### What you will do
Please return every line below that contains the string "with".

### Source records

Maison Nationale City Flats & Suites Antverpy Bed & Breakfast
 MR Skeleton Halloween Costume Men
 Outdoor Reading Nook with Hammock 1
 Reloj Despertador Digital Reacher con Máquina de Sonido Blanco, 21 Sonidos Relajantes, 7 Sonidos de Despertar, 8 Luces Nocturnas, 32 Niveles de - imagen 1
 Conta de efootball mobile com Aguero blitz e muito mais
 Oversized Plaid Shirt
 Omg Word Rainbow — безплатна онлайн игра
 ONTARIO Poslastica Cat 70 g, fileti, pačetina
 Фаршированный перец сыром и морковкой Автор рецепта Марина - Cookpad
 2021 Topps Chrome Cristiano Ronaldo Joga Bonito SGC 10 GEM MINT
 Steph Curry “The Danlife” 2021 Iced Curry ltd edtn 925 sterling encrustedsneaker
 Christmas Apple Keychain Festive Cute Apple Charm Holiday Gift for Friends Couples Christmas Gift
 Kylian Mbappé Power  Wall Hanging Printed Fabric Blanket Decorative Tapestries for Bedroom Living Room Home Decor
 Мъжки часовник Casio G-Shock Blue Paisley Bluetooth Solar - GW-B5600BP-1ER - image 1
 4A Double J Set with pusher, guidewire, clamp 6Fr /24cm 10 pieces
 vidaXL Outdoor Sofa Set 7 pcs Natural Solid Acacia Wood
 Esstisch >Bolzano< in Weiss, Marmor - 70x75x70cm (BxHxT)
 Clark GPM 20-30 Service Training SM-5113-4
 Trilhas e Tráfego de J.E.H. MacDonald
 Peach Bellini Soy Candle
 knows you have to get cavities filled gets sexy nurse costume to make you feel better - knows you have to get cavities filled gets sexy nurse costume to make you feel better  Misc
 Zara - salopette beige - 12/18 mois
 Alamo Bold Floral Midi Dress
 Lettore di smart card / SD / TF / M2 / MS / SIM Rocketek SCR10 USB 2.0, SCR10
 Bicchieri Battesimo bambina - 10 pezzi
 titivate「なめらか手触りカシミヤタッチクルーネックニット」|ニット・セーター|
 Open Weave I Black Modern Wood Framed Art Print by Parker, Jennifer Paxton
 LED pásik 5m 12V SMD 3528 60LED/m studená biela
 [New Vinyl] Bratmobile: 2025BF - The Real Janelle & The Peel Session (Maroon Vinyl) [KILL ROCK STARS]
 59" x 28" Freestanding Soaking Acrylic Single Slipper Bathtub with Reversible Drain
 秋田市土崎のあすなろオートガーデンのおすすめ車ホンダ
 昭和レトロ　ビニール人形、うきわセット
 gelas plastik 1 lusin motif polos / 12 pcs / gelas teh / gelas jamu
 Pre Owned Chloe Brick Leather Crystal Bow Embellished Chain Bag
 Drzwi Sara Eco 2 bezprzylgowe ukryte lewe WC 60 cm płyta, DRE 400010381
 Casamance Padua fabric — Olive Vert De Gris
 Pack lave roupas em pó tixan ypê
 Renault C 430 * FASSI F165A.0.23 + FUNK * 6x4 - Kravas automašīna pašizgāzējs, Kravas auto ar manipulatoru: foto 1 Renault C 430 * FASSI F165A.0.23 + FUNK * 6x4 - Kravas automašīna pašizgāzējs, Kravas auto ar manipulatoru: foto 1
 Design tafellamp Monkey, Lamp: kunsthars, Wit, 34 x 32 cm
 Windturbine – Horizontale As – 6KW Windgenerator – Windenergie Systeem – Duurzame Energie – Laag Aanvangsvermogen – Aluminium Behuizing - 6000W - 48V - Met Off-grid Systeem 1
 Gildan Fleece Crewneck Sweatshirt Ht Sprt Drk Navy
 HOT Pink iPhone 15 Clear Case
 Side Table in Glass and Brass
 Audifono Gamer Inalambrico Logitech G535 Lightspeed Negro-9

### Final answer
 Outdoor Reading Nook with Hammock 1
 4A Double J Set with pusher, guidewire, clamp 6Fr /24cm 10 pieces
 59" x 28" Freestanding Soaking Acrylic Single Slipper Bathtub with Reversible Drain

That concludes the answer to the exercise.